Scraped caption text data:
:::

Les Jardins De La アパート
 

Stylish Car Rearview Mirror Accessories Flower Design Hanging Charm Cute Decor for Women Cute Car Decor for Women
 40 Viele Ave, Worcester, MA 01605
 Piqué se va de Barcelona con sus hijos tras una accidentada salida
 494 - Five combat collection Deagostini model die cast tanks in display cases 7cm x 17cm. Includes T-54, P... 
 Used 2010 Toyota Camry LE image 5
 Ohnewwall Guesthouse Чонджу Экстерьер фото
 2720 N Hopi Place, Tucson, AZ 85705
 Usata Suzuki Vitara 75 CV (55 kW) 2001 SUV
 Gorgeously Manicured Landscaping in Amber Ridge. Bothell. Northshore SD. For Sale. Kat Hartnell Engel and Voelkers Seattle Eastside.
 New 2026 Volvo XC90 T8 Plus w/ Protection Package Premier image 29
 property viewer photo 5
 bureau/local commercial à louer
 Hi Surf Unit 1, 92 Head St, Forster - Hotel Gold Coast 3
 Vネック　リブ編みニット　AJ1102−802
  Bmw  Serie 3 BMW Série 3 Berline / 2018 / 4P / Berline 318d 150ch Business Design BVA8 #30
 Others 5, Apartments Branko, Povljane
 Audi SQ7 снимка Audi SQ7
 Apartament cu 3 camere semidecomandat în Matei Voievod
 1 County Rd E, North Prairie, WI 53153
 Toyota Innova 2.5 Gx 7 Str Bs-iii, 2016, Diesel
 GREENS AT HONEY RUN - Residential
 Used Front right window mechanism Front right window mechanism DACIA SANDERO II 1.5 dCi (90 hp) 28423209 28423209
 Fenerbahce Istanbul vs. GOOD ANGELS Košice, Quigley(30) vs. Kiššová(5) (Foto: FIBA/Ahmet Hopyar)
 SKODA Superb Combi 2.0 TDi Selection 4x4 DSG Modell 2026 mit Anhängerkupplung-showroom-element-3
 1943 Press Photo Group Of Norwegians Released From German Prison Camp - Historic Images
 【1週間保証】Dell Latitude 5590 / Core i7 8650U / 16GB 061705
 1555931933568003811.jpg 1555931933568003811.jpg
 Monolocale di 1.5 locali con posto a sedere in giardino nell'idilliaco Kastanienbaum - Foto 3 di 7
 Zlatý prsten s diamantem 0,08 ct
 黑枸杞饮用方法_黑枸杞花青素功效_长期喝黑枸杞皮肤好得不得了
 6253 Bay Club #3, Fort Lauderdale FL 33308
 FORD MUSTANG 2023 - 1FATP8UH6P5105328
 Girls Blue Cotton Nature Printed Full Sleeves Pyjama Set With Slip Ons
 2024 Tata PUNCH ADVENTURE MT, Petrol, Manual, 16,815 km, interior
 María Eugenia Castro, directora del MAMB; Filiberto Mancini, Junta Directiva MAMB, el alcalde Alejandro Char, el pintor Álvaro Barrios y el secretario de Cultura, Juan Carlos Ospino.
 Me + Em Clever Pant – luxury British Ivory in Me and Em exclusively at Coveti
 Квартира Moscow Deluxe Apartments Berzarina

:::

### PROBLEM DESCRIPTION
All lines from the one containing "María Eugenia Castro, directora" through the end of the data, and no others, are to be given again word for word.

### WRITTEN SOLUTION
 María Eugenia Castro, directora del MAMB; Filiberto Mancini, Junta Directiva MAMB, el alcalde Alejandro Char, el pintor Álvaro Barrios y el secretario de Cultura, Juan Carlos Ospino.
 Me + Em Clever Pant – luxury British Ivory in Me and Em exclusively at Coveti
 Квартира Moscow Deluxe Apartments Berzarina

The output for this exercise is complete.